Lets put you in my situation who is a 22 years old student, who just lived in the U.S for 4 years (I was born in Vietnam ). I have a whole life to enjoy this hobby, other camera body and lens. I don't have much money and I know that you guys are using some gears that cost 2 or 3 times mine. I really love fish (got this from my dad, he loves fish too). I have spent over 2 months to save money, waiting for ebay products from China, HK cause they are cheaper and at this time, the driftwood is still in my restroom.

Ok guys. I know it depends on your own experiences, how you handle the camera and how you use it. $100 is not too much but you can also use that $100 many other ways.

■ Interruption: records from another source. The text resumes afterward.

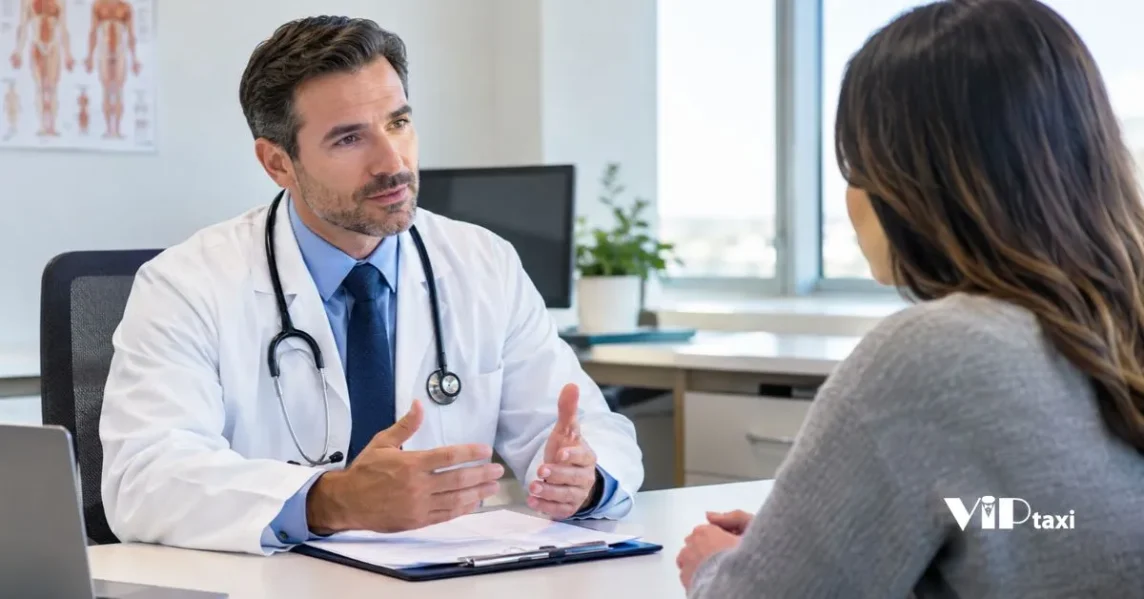 Transportation for Medical Appointments in Arizona: NEMT vs. Rideshare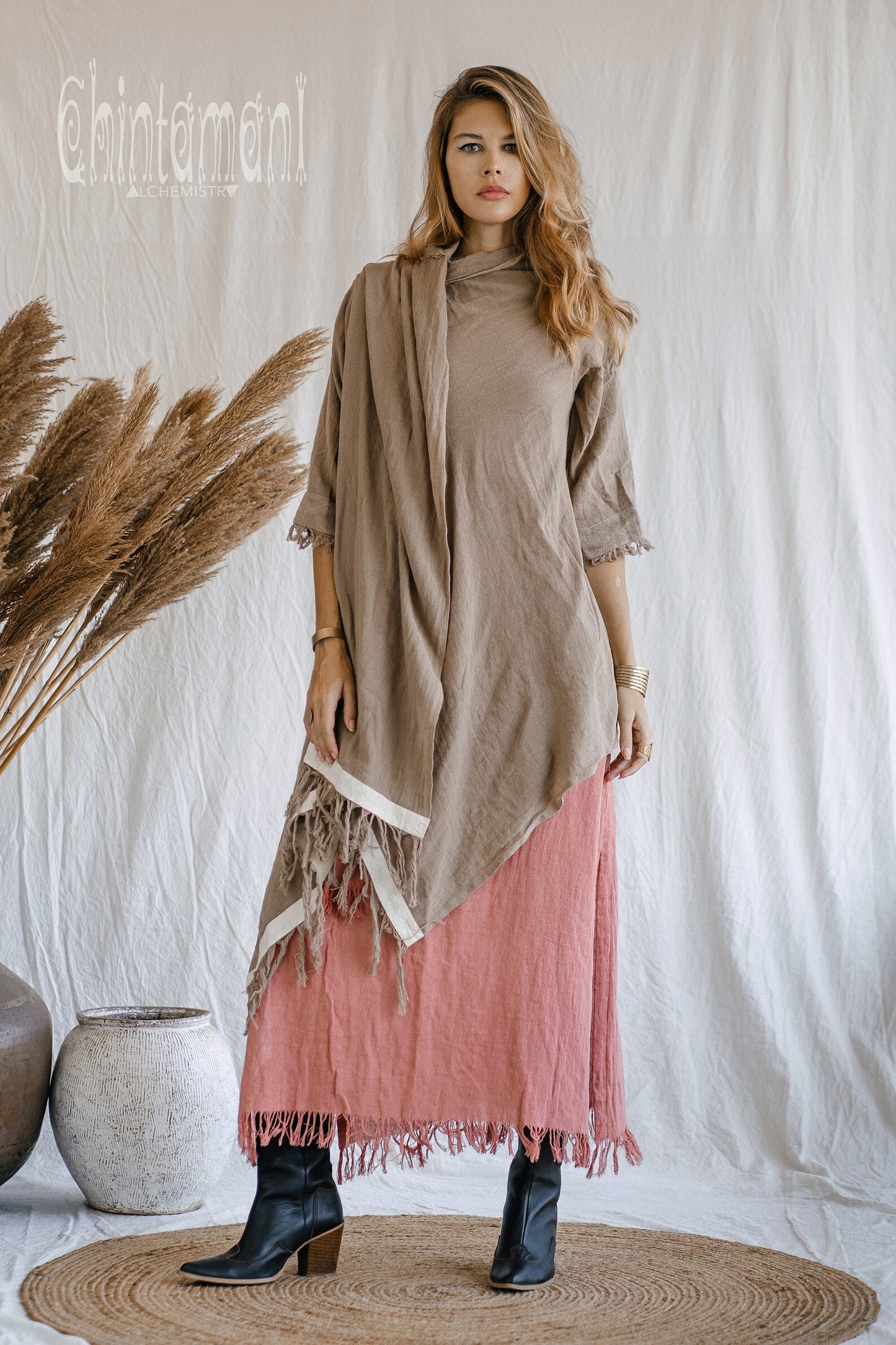 Organic Cardigan Shawl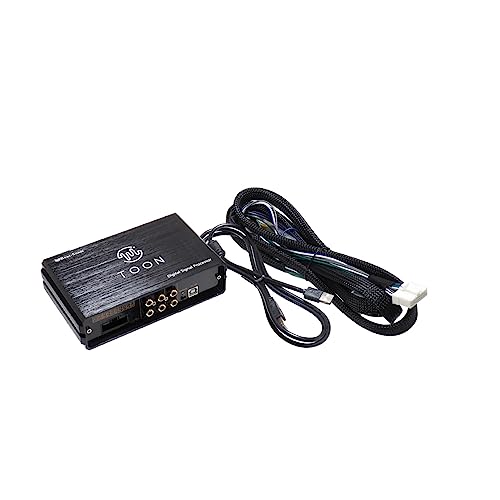 ビートソニック DSP-N102 純正オーディオ良音キット DSP機能付きアンプ TOON X ニッサン用 セレナ C28系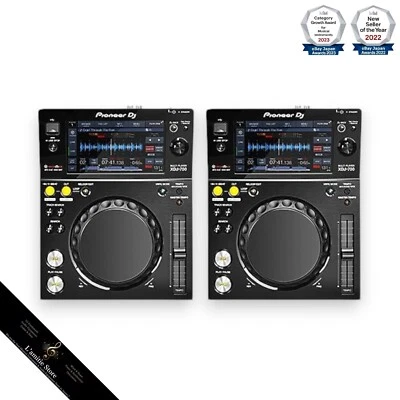 Pioneer XDJ-700 DJM-750MK2 Pro DJ Mixer Rekorodbox 4-Channel XDJ700 DJM750MK2 JP - Image 1 of 4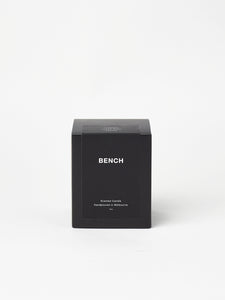 BENCH COFFEE CO. scented candle packaging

So the question is if you have ever compared 2 lens that has the same functions on the same body kit. How do you like or not like? Would you spend a little more to get 10 instead of saving a little bit to get 8-9?

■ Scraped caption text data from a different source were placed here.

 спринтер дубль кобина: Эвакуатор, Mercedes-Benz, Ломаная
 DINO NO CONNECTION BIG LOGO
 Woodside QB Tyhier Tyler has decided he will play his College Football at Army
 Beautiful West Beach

PS: Thanks tpt for having so many information, and thanks to many people that help me a lot here. If my post isn't clear or so mean to you or even makes you feel angry. I didn't mean to do that because English is not my mother language, I still have to switch to a translate site to know the meaning of some words.


----------



## Nubster

Like I said in a post above...for a hobby photographer like you and me, or someone that is just getting in to photography, in my opinion, it doesn't make a lot of sense to buy the very top of the line gear when something third party will get you very close to the same results at a fraction of the cost. 

Yes, it's very true, 99% of the time third party won't come too close to pro glass, but you are talking about lenses that cost over $1000 compared to lenses costing $300-800.

If I were you, and I once was, I'd look hard at third party, non-pro Canon (still really good stuff), and used gear. Like you said, you are young and have plenty of time to upgrade if you decide you like the hobby and want to go further with it.


----------



## Ibn

If money is an issue, then take a look at some of the legacy lenses. They're older lenses without the functionalities of the current lenses (e.g. vibration reduction/image stabilization/nano coating). 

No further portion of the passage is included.